Shopee、タイで5億バーツ投資のMSME支援で120万店対象

タイでネット販売を軸に起業を考えるなら、今は手数料と集客コストをどこまで抑えられるかが勝負どころになる。東南アジア大手ECのShopeeが打ち出したMSME(零細・中小企業)向け新プログラムは、その負担を軽くし、デジタル販路に乗るための「入口」を広げる施策といえる。日本人の個人起業家にとっても、タイ市場への入り方を考えるうえで、押さえておきたい動きだ。

ShopeeのMSME支援策の骨格

Shopeeはタイ政府の「Thai Chuay Thai」共同負担スキームと連動させる形で、新たなMSME支援プログラムを始める。内容は、手数料の軽減、販促支援、デジタル研修という3本柱である。
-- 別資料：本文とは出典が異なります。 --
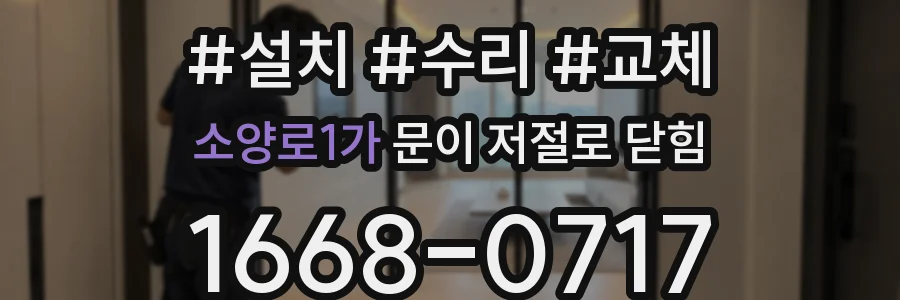 소양로1가 문이 저절로 닫힘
同社はこのプログラムに総額5億バーツ超を投じる方針を示した。全国でおよそ120万店の対象販売者を見込むという規模だ。

登録期間は7月6〜10日で、承認された販売者には6カ月間の支援が継続する。短期のキャンペーンではなく、一定期間の事業運営を意識した枠組みといえる。

具体的には、登録販売者は毎月最初の10件の受注について販売手数料が免除される。プログラム期間を通算した上限は60件とされる。

さらに、月間売上が1万バーツ以下の販売者については、その月の優遇枠を超えた受注分でも、販売手数料率が0.5〜1.5%に抑えられる。付加価値税(VAT)は別で、率は商品カテゴリによって変わるという。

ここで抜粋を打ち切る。